I'm interested in how 14 environmental parameters co-vary with other environmental parameters and whether they show the same patterns in 3 regions. So 1st, I made a pairwise correlation table of the 14 environmental variables for each region. Then, I made another pairwise correlation table of correlation values from 3 regions (i.e. region1 vs region2 & region1 vs region3 & region2 vs region3). I found a good correlation (a similar pattern) between region2 and region3 (or called "sector" in graphs).

Correlations

What I want to do from here is to put the all correlations values from the 3 regions together in one graph and also calculate correlation values (i.e. correlations of correlation values) because I want to know which environmental variables are correlated well in all 3 regions. I thought of using PCA, but it's not really what I imagined to be the best way to present a pattern. Maybe a 3D graph would be good for presentation. I'm a R user. If you could instruct me with R language on how to make that kind of graph and also how to calculate 3-way correlations, that would be much appreciated.

Thanks!

Best Answer

In very broad terms I'd question the value of this. It is easy to concoct examples in which correlations are similar but the relationships between variables are different -- and in which correlations are different but the relationships between variables are similar. I write not only as someone interested in statistics but also as someone whose main applications are with environmental data.

Also, what you are proposing to do doing puts enormous weight on correlations as a catch-all summary measure, which necessarily cannot do justice to nonlinearities, clustering, outliers, etc., which are commonplace with environmental data. An analysis of analyses is not out of the question, but the great risk is that each analysis step is a step away from the data you are trying to understand.

Yet another negative: It is difficult to make sense of your graphs without labelling which correlation is which using the names of the variables. You have presumably 91 correlations, but labelling them all will just be confusing; labelling none of them will just be uninformative.

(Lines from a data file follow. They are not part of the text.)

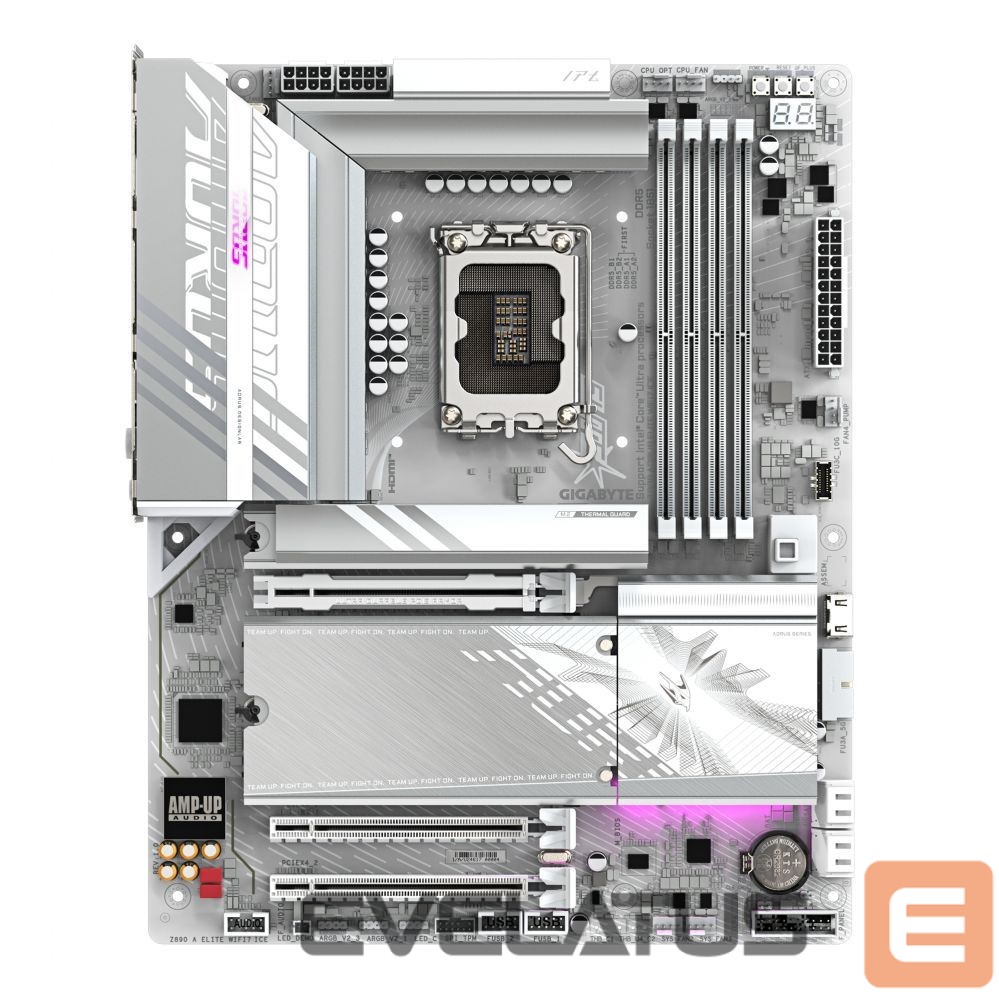 Intel protsessori emaplaat Gigabyte Z890 A ELITE WF7 ICE 1.0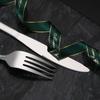 Vajilla de acero inoxidable, cuchillo, tenedor y cuchara, juego creativo, nuevo cuchillo para carne, tenedor de postre, tenedor de repostería, cuchara para niños, cuchara de comida occidental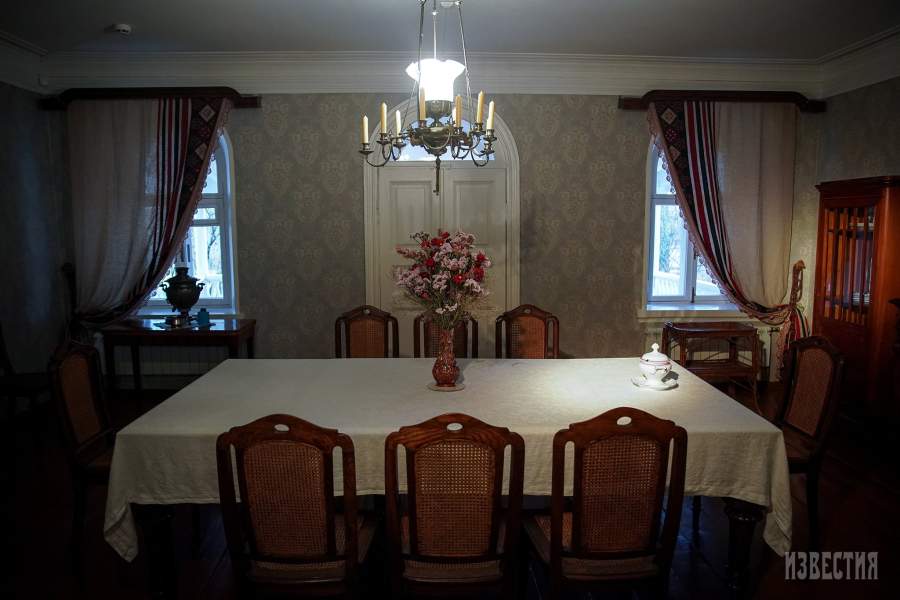 Усадьба Петра Чайковского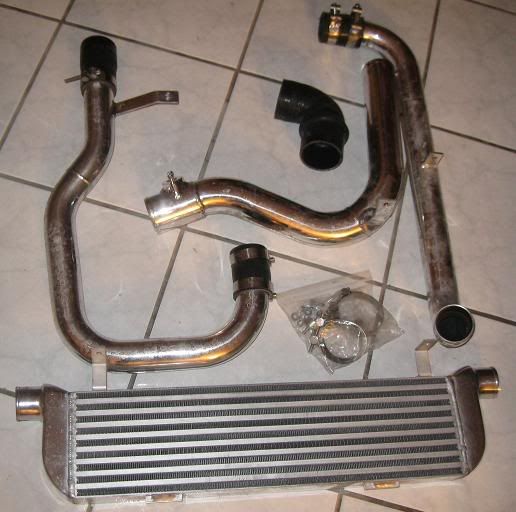 FOR SALE Eurocustom Intercooler Kit mk4 see pictures VW Vortex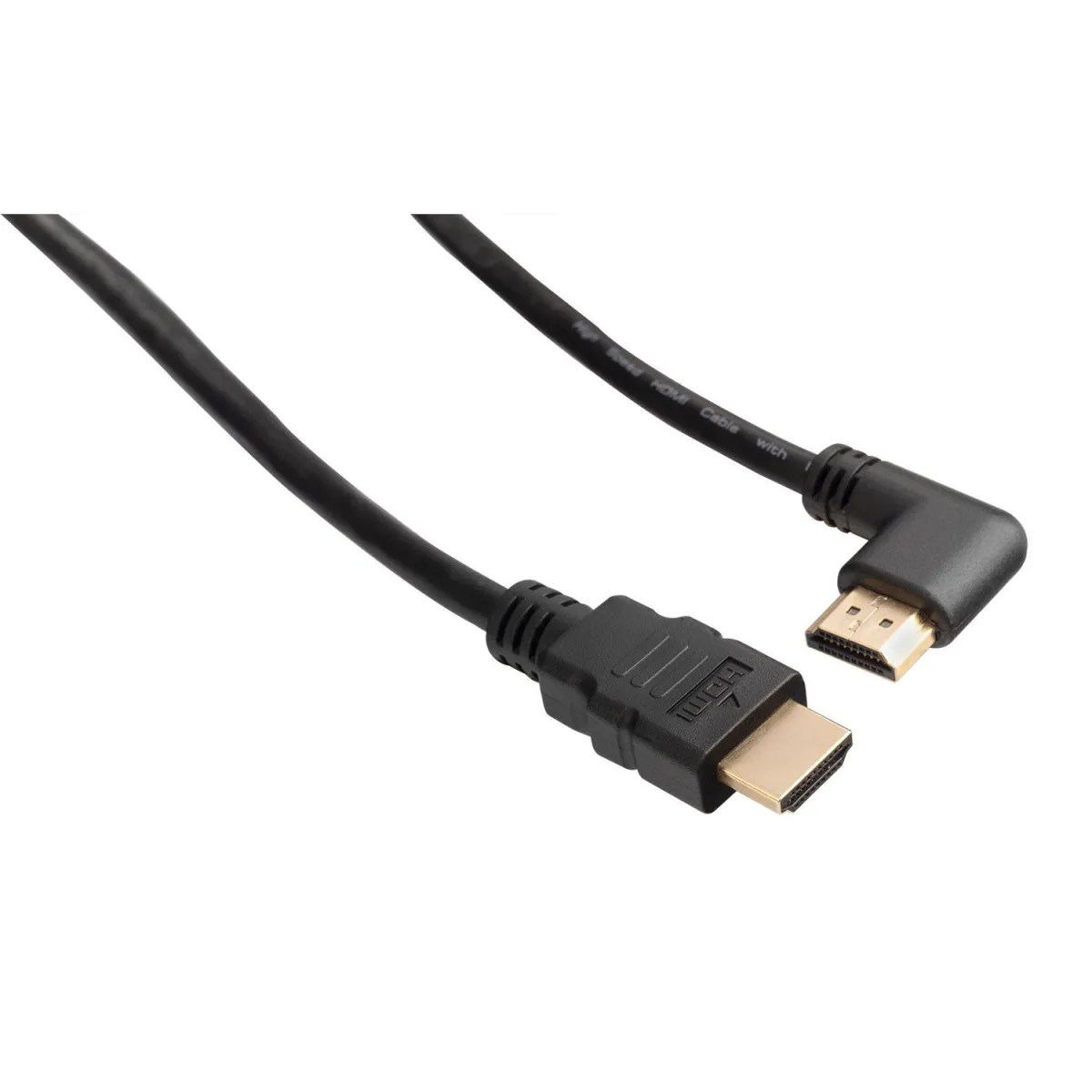 Turbo-X Καλώδιο HDMI2.0 M/M (1.8m) 90o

Suggesting a positive alternative would depend on a deeper acquaintance with your scientific objectives, but if these were my data I would start with a single pooled multivariate analysis of three regions and then see whether regions cluster in some low-dimensional subspace. PCA does indeed spring to mind if your variables are mostly or all measured variables.

You name yourself as a R user, but your graphs look like to me like Excel defaults. I suggest that your graphs should show bounds of $[-1,1]$ on both axes; shift the $x$ axis with its numeric labels away from the middle of the graph; and use open or hollow symbols such as "o" rather than solid symbols.

P.S. In statistics, parameters and variables are not alternative terms. Your parameters are all variables.

Whether you are a student or a professional, you might benefit from finding a friendly local statistician, or someone in your field with more statistical experience, to talk to.

(LATER) If you are determined to do this, an extension of @Dualinity's approach to parallel coordinate plots might help.